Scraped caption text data
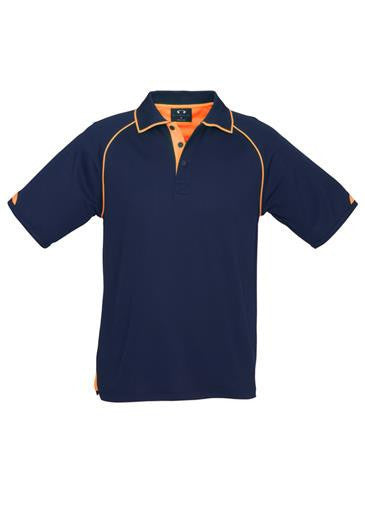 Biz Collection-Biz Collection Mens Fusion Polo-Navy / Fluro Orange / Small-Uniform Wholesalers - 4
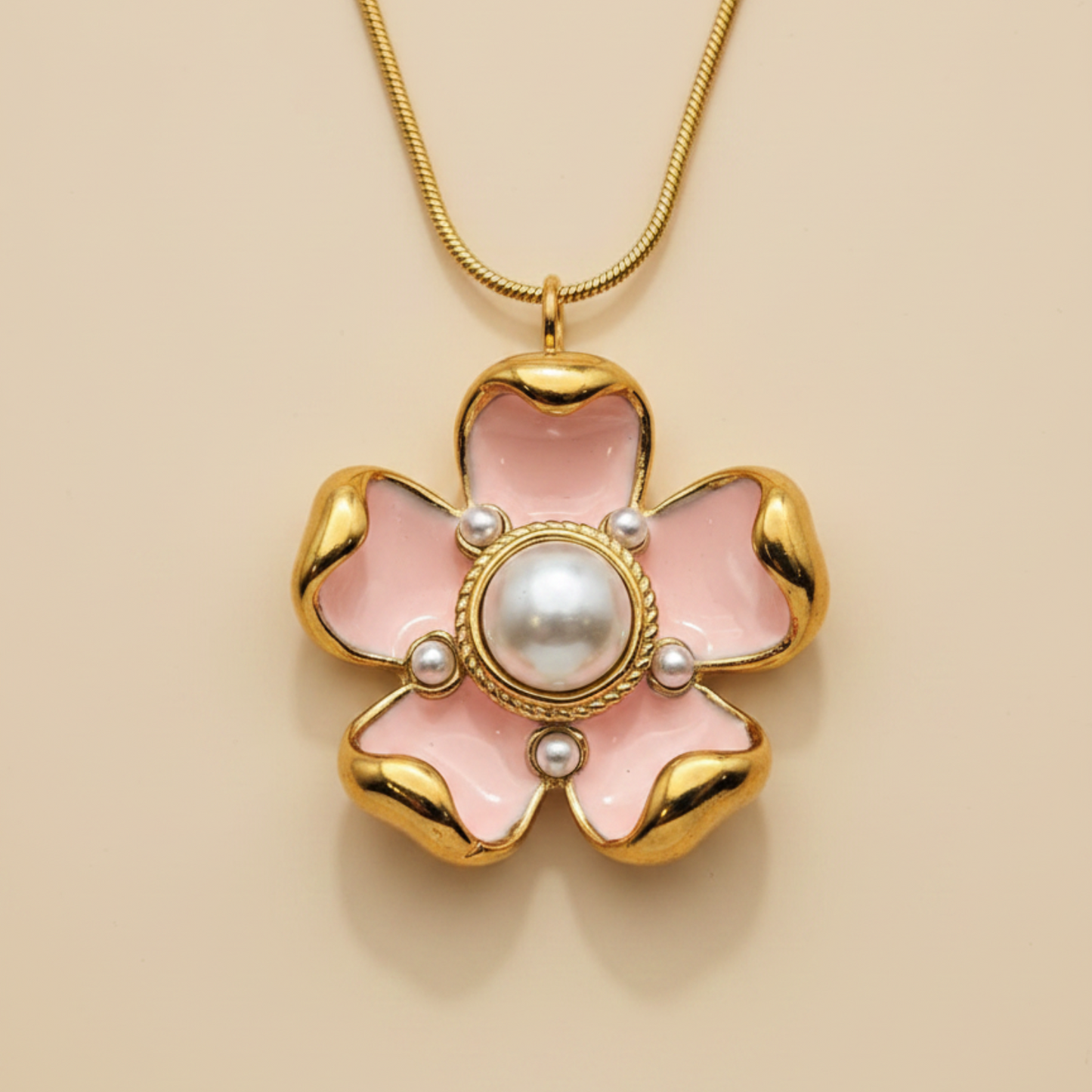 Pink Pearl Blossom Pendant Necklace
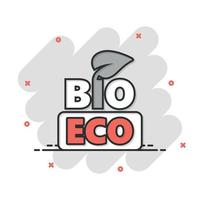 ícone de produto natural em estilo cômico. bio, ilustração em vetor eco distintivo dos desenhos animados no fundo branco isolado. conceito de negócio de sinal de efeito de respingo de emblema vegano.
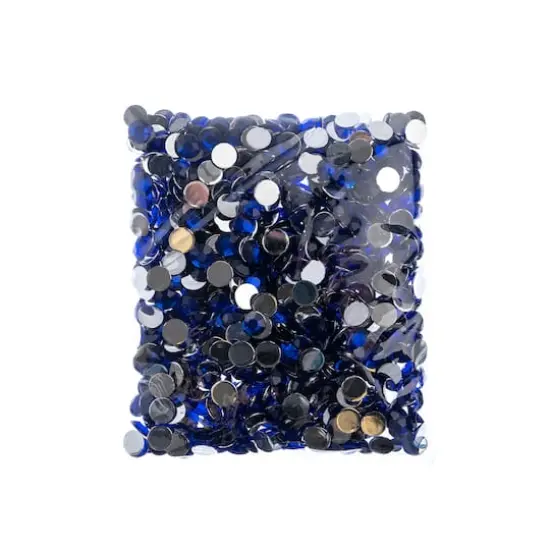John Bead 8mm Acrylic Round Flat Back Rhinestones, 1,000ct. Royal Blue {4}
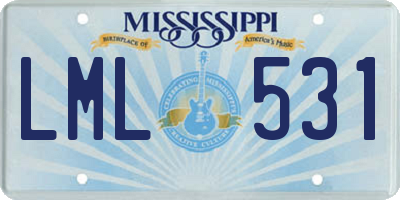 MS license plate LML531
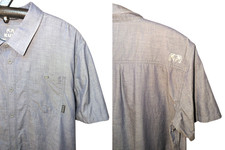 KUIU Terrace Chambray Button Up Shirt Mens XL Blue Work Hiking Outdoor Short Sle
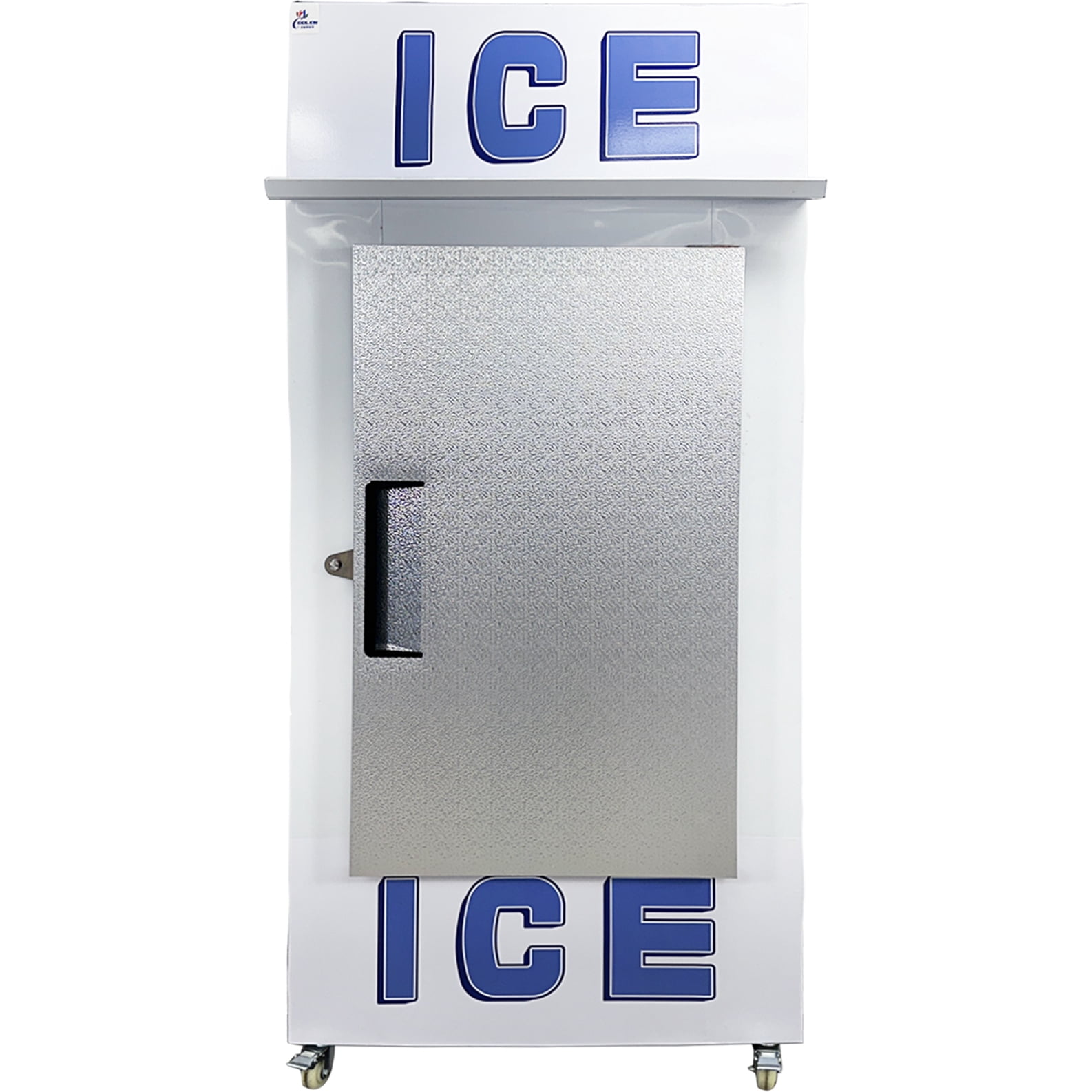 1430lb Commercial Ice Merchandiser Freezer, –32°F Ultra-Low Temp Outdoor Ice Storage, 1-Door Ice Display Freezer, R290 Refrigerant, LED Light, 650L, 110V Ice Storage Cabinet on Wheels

**Exercise aim**. What you give back should be exactly the lines from the top of the data above down to and including the line with "ícone de produto", minus any pictures.

**Output**.
 Biz Collection-Biz Collection Mens Fusion Polo-Navy / Fluro Orange / Small-Uniform Wholesalers - 4
 Pink Pearl Blossom Pendant Necklace
 ícone de produto natural em estilo cômico. bio, ilustração em vetor eco distintivo dos desenhos animados no fundo branco isolado. conceito de negócio de sinal de efeito de respingo de emblema vegano.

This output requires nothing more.